Facebook, Twitter ‘harm students literacy’: Principals claim children are so distracted by the sites they don’t bother to read books


Children’s literacy is being damaged by social media, Principals claim.

They say pupils are too distracted by sites such as Facebook and Twitter to bother to read a book.

As a result, thousands are poor spellers and have little understanding of grammar.

A survey of 214 secondary school heads found that 70 per cent believe Facebook and Twitter are ‘bad for literacy’.

Excessive use of such sites means youngsters’ spelling and grammar have deteriorated. For example, some write ‘l8’ rather than ‘late’, while others rely on computer spellcheckers to correct their mistakes.

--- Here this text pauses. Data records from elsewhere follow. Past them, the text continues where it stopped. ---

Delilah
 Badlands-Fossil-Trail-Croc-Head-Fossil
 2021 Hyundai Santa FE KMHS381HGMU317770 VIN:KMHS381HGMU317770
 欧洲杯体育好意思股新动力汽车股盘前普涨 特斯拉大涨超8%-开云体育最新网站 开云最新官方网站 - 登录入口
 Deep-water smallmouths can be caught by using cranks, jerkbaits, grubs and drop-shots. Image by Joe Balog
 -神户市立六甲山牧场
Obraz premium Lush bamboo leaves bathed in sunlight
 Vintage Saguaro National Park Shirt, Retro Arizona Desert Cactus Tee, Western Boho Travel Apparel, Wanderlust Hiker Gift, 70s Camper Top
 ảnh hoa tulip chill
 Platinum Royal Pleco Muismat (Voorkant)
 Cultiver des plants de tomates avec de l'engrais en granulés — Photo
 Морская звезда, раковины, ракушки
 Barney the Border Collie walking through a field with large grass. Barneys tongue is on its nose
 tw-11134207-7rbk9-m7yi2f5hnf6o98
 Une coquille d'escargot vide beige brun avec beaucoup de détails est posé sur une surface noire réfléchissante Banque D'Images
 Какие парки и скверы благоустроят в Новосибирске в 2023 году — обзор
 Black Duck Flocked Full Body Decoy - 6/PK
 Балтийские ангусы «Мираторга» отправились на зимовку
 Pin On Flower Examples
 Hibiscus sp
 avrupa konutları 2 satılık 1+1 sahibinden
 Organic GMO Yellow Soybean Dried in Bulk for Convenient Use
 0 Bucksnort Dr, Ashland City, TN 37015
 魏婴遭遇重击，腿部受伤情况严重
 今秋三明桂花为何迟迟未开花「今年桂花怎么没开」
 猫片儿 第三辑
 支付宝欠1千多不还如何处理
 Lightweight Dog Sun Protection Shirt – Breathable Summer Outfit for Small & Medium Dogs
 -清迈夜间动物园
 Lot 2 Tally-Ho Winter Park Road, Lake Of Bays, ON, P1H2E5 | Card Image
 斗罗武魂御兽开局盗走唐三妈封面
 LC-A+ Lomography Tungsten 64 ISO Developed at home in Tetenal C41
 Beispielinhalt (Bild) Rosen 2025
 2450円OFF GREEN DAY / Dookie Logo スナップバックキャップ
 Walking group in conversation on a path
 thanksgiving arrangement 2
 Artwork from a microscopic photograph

To make matters worse, many parents do nothing to try to improve these crucial skills.

The research, conducted by Booked, a magazine for schools, found that half of school principals are concerned about their pupils’ approach to reading.

Tsol Keoshgerian, chairman of Booked, said: ‘This is a worrying snapshot of literacy standards. 

It appears to confirm that the massive rise in social media use among the young is having a major impact on writing skills with little or no attempt by parents to stop it.’

Tsol Keoshgerian, chairman of Booked, which encourages children to read and write, said: ‘This is a worrying snapshot of literacy standards in Nigeria today.

She said: ‘Social media has a massive impact on students every day.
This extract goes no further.